"The result is a handsome coffee table book that combines family narrative with historical tidbits."
It was a gathering of the crème of Spanish-Filipino society, as the prominent Ortigas family celebrated with relatives and friends the launch of the biography of businessman and philanthropist Francisco ‘Paquito’ Ortigas Jr.
The event, held Nov. 10 at the Edsa Shangri-La hotel, was hosted by Ortigas’ son Fernando ‘Nando’ Ortigas. Some years back he had commissioned multi-awarded writer, my good friend Alfred ‘Krip’ Yuson, to write the book, entitled “Lineage, Vision, and Empire: Don Francisco ‘Paquito’ Ortigas Jr.”
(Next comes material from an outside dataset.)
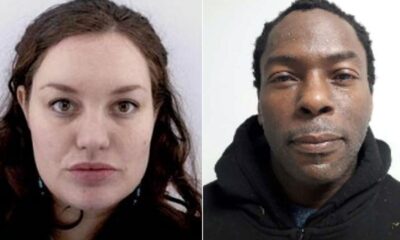 Constance Marten and Mark Gordon Pic: PA / Greater Manchester Police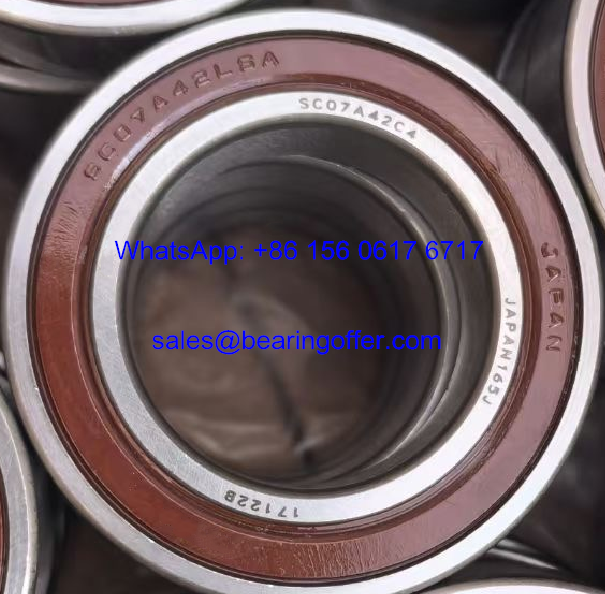 SC07A42C4 Drive Shaft Bearing SC07A42LBA Ball Bearing SC07A42 - Stock for Sale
Yuson delved into the Ortigas family archives for his material. Though he was not able to interview the subject, who passed away in 2003, at 96 years of age, Yuson reconstructed the latter’s thoughts through the many writings he left behind—diary entries, correspondence, poetry—and through interviews he conducted with Nando Ortigas and other family members.
The result is a handsome coffee table book that combines family narrative with historical tidbits. Copious photographs from various points in Don Paquito’s life amply enliven the text and help the reader place the subject in historical context. The book design, admirably executed by Orland S. Punzalan, provides a visual feast.
Among those present at the event were Yuson, the Singapore-based Punzalan, his son Sir Lancelot Punzalan, actor Jaime Fabregas, Nena (a warm and vibrant personality and friend of the Ortigases), Philippines Graphic literary editor Alma Anonas-Carpio, Business World columnist Albert Gamboa, and many others from the business and film realms. Former DILG secretary Raffy Alunan was also there and gave a short speech.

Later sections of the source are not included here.